## Source records:

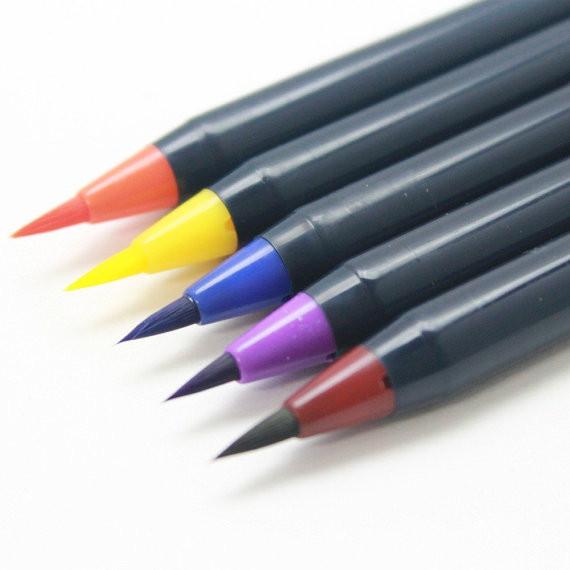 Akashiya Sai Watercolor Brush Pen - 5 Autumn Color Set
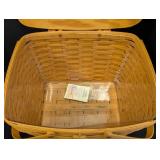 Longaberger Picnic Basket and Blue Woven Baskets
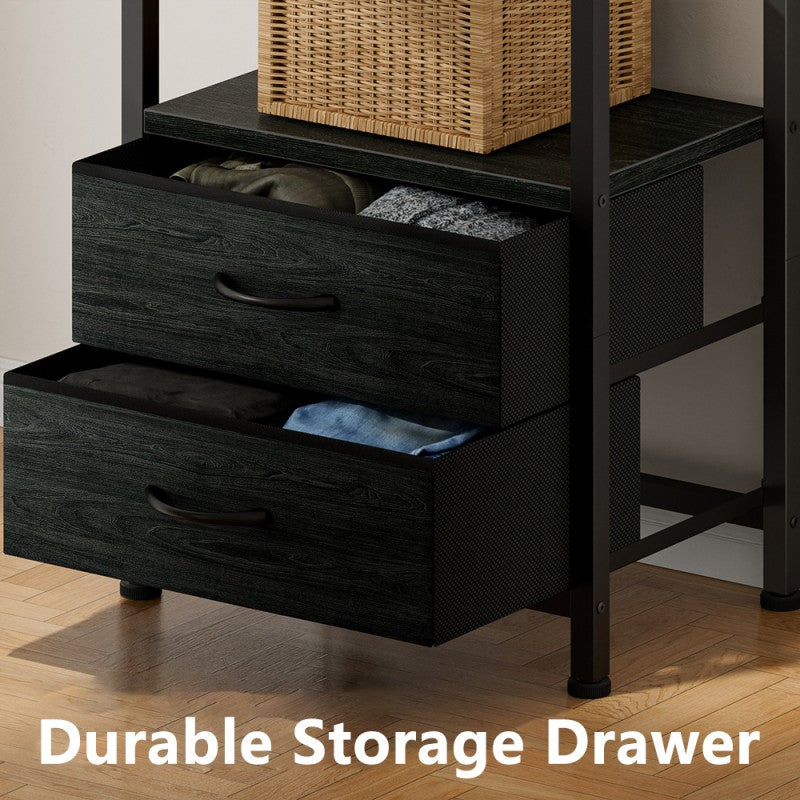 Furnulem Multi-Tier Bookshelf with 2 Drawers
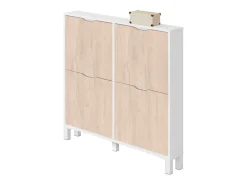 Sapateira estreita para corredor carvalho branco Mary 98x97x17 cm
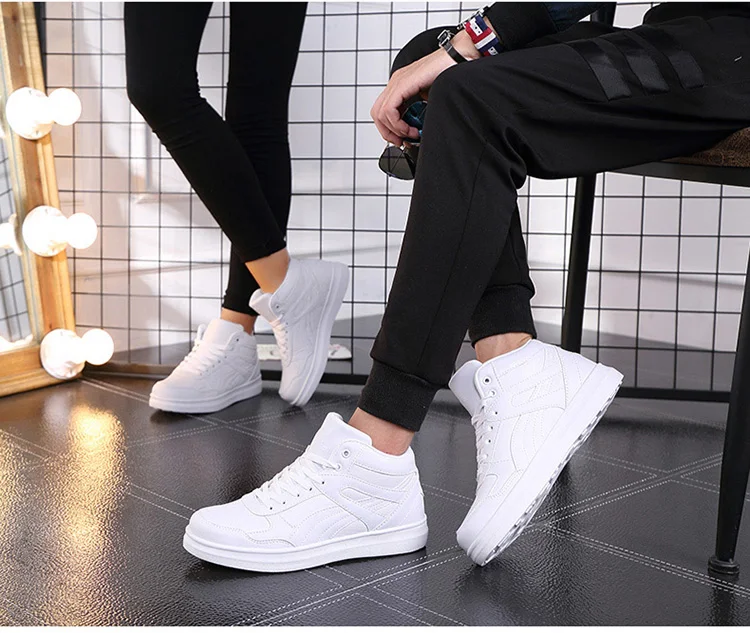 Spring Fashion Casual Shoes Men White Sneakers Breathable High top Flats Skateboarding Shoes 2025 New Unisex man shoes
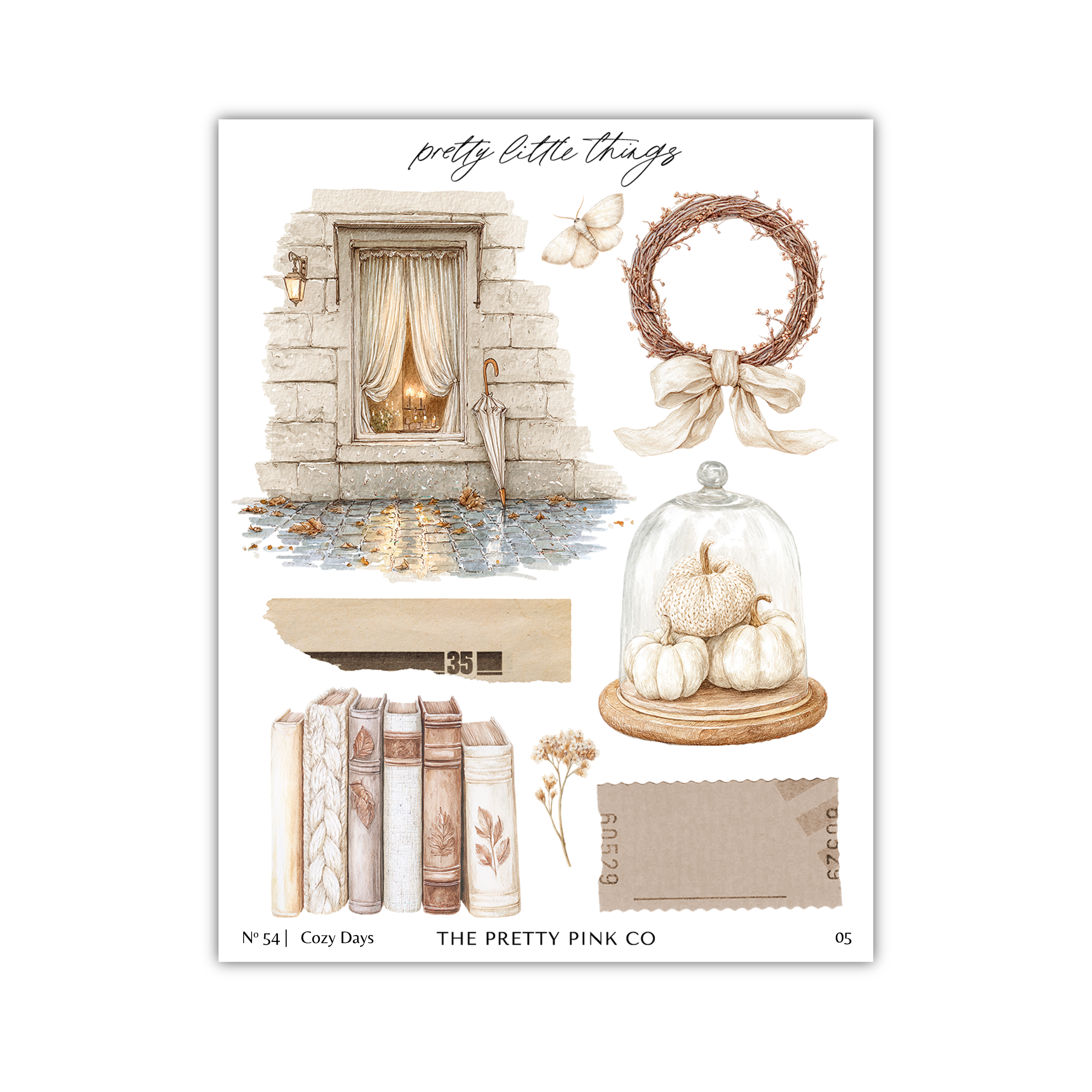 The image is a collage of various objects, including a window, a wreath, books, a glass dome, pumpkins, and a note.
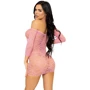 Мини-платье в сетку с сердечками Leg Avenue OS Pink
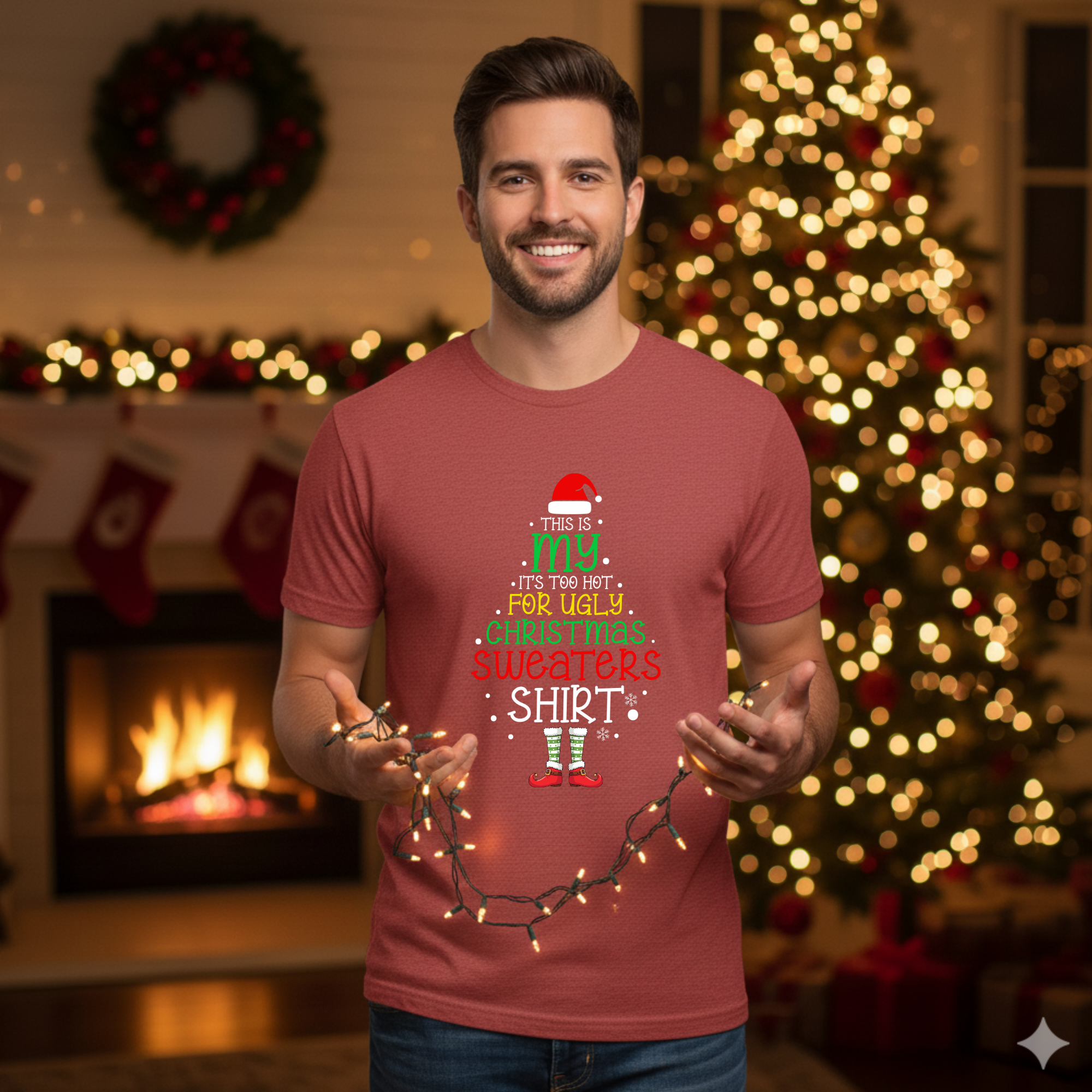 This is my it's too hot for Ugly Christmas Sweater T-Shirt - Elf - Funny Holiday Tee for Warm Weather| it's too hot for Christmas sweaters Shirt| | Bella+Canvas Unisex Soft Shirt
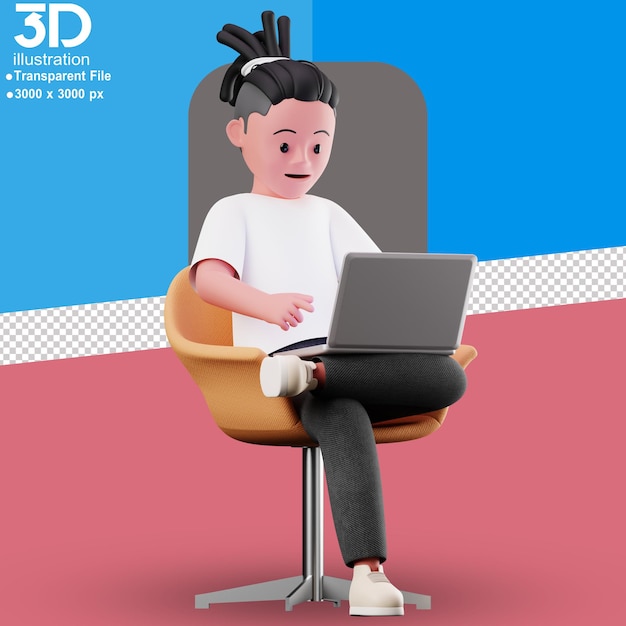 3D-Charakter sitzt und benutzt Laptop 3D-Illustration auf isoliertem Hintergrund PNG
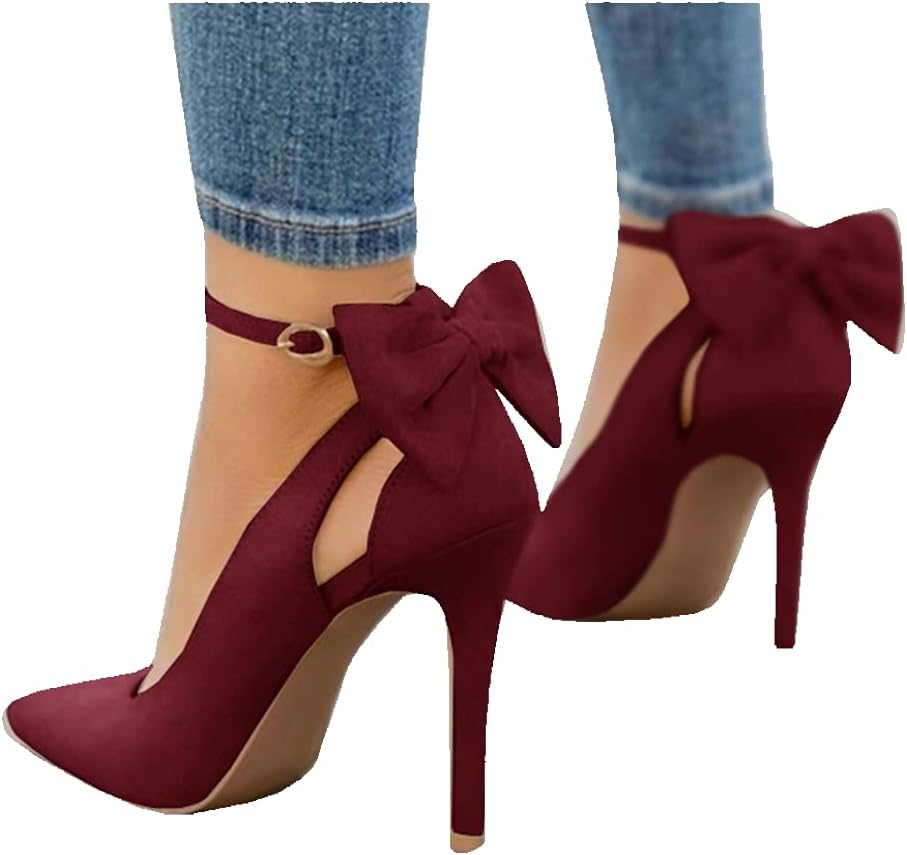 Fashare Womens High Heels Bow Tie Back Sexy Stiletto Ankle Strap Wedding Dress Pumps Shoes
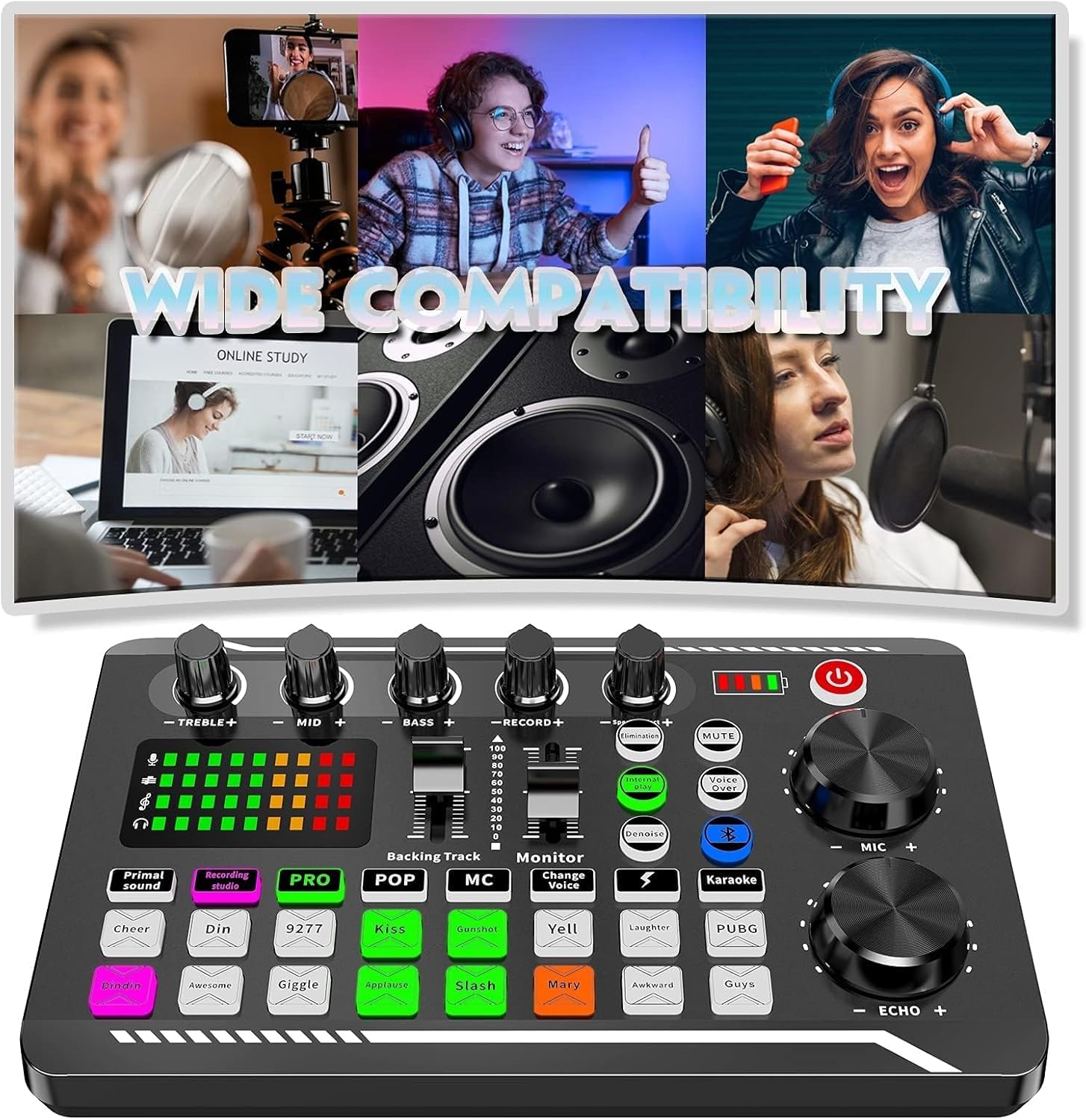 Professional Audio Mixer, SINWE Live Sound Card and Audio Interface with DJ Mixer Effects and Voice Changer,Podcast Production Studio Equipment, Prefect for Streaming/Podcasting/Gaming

## Work instructions:
Drop the images; restate the listing exactly.

## Answer space:
 Akashiya Sai Watercolor Brush Pen - 5 Autumn Color Set
 Longaberger Picnic Basket and Blue Woven Baskets
 Furnulem Multi-Tier Bookshelf with 2 Drawers
 Sapateira estreita para corredor carvalho branco Mary 98x97x17 cm
 Spring Fashion Casual Shoes Men White Sneakers Breathable High top Flats Skateboarding Shoes 2025 New Unisex man shoes
 The image is a collage of various objects, including a window, a wreath, books, a glass dome, pumpkins, and a note.
 Мини-платье в сетку с сердечками Leg Avenue OS Pink
 This is my it's too hot for Ugly Christmas Sweater T-Shirt - Elf - Funny Holiday Tee for Warm Weather| it's too hot for Christmas sweaters Shirt| | Bella+Canvas Unisex Soft Shirt
 3D-Charakter sitzt und benutzt Laptop 3D-Illustration auf isoliertem Hintergrund PNG
 Fashare Womens High Heels Bow Tie Back Sexy Stiletto Ankle Strap Wedding Dress Pumps Shoes
 Professional Audio Mixer, SINWE Live Sound Card and Audio Interface with DJ Mixer Effects and Voice Changer,Podcast Production Studio Equipment, Prefect for Streaming/Podcasting/Gaming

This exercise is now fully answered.